There is also a curriculum opportunity. Learners should not be taught technology as if they are only future users. They should be introduced to creation and problem-solving. A child in a farming community can learn how digital tools support weather information, markets and farm records. A learner in a trading centre can learn about mobile-money safety, customer records and online marketing. A student anywhere can learn that artificial intelligence can help with learning but can also mislead if used blindly.
ICT education should make learners confident, but also cautious.

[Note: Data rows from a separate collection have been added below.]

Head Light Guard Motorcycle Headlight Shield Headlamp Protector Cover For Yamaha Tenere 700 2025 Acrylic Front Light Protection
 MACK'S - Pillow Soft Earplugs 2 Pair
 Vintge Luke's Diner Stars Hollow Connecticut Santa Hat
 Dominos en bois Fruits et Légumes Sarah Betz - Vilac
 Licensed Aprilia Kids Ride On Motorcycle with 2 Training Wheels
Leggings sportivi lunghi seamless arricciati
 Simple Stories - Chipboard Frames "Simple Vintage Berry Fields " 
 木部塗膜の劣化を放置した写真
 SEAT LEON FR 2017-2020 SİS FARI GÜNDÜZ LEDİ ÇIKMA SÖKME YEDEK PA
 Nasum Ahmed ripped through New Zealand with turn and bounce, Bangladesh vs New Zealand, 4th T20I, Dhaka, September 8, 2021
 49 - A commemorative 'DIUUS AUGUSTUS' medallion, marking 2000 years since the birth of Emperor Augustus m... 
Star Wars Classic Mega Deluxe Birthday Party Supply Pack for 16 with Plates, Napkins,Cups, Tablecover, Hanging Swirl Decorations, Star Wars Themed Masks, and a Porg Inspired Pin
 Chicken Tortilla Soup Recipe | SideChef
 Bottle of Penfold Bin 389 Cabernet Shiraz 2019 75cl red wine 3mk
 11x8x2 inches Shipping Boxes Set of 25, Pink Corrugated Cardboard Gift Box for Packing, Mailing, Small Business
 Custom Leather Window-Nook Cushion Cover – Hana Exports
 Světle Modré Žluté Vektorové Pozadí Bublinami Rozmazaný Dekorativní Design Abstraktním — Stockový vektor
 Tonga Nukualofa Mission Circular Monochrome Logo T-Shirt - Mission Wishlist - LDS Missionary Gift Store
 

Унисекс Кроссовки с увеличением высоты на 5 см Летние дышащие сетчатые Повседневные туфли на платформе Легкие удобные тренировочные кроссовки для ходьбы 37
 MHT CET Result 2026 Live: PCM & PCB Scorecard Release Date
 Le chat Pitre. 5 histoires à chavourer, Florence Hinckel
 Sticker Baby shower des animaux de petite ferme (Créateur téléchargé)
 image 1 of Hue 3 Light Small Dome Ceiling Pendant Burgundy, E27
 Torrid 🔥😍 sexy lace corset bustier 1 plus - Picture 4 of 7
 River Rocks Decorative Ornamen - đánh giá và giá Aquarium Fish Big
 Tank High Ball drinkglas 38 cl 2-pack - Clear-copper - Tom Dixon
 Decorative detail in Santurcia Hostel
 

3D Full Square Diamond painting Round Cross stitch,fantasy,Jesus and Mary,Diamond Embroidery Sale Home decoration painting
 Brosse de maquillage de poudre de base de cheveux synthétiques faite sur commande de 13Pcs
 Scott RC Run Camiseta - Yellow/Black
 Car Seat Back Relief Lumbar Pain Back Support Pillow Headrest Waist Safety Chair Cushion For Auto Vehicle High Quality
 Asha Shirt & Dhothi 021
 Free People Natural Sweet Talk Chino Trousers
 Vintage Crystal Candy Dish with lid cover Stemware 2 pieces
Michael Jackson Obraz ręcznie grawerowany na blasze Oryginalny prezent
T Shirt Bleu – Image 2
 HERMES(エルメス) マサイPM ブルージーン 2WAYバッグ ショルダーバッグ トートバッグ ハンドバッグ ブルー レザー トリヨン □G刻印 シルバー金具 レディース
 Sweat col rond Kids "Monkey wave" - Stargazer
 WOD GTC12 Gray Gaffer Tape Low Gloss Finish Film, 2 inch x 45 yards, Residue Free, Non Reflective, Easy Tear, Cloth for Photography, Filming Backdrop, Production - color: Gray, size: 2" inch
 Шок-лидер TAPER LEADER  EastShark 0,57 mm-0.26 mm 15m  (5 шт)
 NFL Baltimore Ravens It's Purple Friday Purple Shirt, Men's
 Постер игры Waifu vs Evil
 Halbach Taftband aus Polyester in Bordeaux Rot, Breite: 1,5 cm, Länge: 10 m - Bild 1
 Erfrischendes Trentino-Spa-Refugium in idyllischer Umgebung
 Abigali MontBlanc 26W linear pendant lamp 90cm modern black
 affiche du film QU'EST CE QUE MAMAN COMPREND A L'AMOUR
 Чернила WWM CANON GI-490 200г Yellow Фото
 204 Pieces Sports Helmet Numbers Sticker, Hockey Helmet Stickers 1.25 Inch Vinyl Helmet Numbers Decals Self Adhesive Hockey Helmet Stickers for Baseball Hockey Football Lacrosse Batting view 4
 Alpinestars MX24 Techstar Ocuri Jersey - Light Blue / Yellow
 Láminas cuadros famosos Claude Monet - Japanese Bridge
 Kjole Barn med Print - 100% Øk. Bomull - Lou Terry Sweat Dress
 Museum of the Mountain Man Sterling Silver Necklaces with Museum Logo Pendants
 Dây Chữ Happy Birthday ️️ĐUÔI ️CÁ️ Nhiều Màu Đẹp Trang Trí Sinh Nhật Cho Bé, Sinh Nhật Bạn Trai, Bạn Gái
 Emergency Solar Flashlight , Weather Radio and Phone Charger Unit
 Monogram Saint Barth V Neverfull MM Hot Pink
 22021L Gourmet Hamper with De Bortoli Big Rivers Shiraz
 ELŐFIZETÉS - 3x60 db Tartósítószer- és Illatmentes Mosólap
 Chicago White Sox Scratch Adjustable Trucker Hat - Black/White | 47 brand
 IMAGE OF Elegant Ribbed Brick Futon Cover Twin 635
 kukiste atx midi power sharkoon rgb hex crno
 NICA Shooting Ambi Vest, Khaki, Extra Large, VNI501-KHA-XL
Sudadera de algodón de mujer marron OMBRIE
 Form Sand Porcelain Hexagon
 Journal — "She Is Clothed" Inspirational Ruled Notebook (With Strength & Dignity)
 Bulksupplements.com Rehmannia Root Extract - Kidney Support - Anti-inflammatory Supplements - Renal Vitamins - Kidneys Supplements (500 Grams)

The digital divide has changed. It is no longer only the gap between those who have devices and those who do not. It is also the gap between those who can question technology and those who are quietly controlled by it. A learner who can browse but cannot verify is still vulnerable. A learner who can create an account but cannot protect it is already exposed.
That is why DigiTrucks should be welcomed, but not romanticised. They are useful bridges. They are not the destination.
Kenya needs permanent school ICT capacity, community digital hubs, trained teachers, safe connectivity, local content, repair skills and cybersecurity awareness from early learning. A mobile lab should be the beginning of a local digital culture, not a substitute for one.
The goal should not be a child who once saw a computer.
The goal should be a learner who can use technology safely, creatively and confidently long after the truck has moved on.